In one of the summer editions of Atlanta magazine, they named Myung Ga Won as one of the fifty best restaurants in Atlanta. One day last week, I was heading out to lunch alone and thought I’d give it a try. Walking in was just like going into Moe’s, except that everyone yelled at me in Korean. I’ve been assuming it was “hello and welcome”…..
The first thing I noted was that all of the patrons were Asian. I always take that as a good sign. I should have realized I was in trouble when this was my silverware:
The menu had big Korean characters, small English descriptions and pictures, but I couldn’t make heads or tails of what I wanted. The second waitress was able to understand that I was clueless on the menu and made three recommendations by pointing at different combos. I chose what I have since found to be bibimbap, which was described as “meat, rice, vegetables, pepper paste”, with salad and appetizers.

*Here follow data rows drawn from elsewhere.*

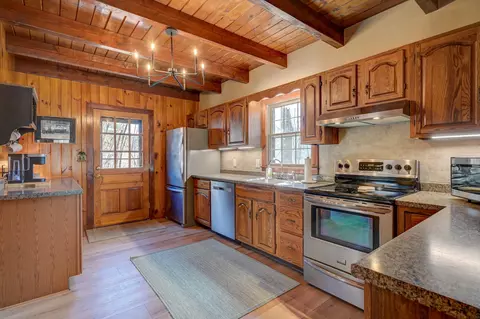 Kitchen - 46 Pickering Rd, Bartlett, NH 03812 photo 3 of 4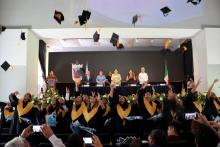Una nueva generación de biólogos marinos recibe sus cartas de pasante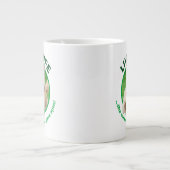 Grande Tasse Chien Courant Dans Le Jardin (Devant)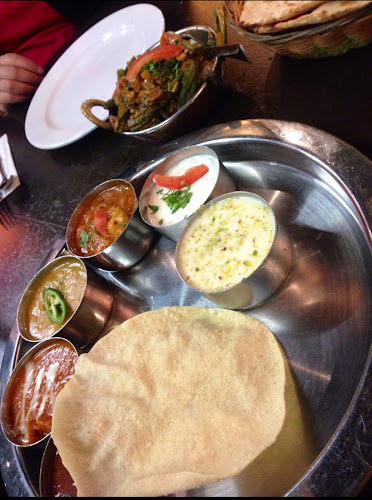 Comentarii opinii despre Mela Indian Sweets and Eats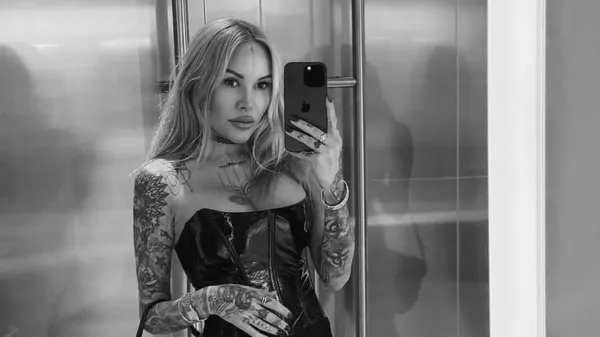 Морозюк интригует аудиторию роскошным букетом от инкогнито – провокация с намеком или случайность?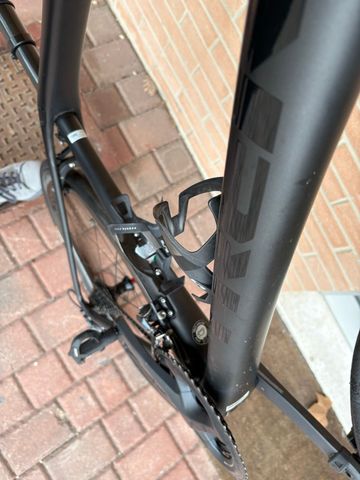 Used Trek Domane SL 6 2018 2018 Road & Gravel, Black — image 7 of 14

First to arrive were the five appetizers. I have now identified four – I didn’t photo the fifth, but I can best describe it as looking like KFC cole slaw, without the orange flakes, and scooped out like ice cream. I chose not to try that.
I knew I wouldn’t like the broccoli, mainly because it was broccoli.
This one looked like the chicken from Mongolian chicken, but had the texture of tofu. One bite was enough.
That one was kimchi. I’ve hated kimchi since my first encounter in the late 80s at Mirror of Korea, down town.
This one baffled me. I couldn’t figure out the taste, but it most closely resembled the taste of dirt.
I ended up with a third waitress trying to explain, who used a series of hand gestures (tree + making a small “o” from her thumb and index finger) to play a form of charades that ended up with the winning word – “acorn”. It was acorn jello, which explains why it tasted like dirt.
Then came the bibimbap. It was a 10″ silver mixing bowl, with lettuce in the center, topped by a fried egg covered with sesame seeds, surrounded around the bowl by sliced mushrooms, sliced carrots, tofu, black noodles, ground something, cabbage, peppers and a couple of other things. Accompanied by a bowl of white rice and a cup of soup.
I tried to eat the beef + the rice + the sauce with the chopsticks and flung food over the place. The waitress, having pity upon me, walked over, made the universal sign of “need help, you dolt?” and took the bowl, the giant spoon, a squeezee bottle filled with spicy red sauce, and started mixing. She’d stir, squeeze in red sauce and repeat.
She handed me back a bowl full of rice with all kinds of stuff mixed into it. I’ll have to confess, I picked out the fried egg and ate the rice.
Then I drove through Wendy’s for a wrap on the way back to the office.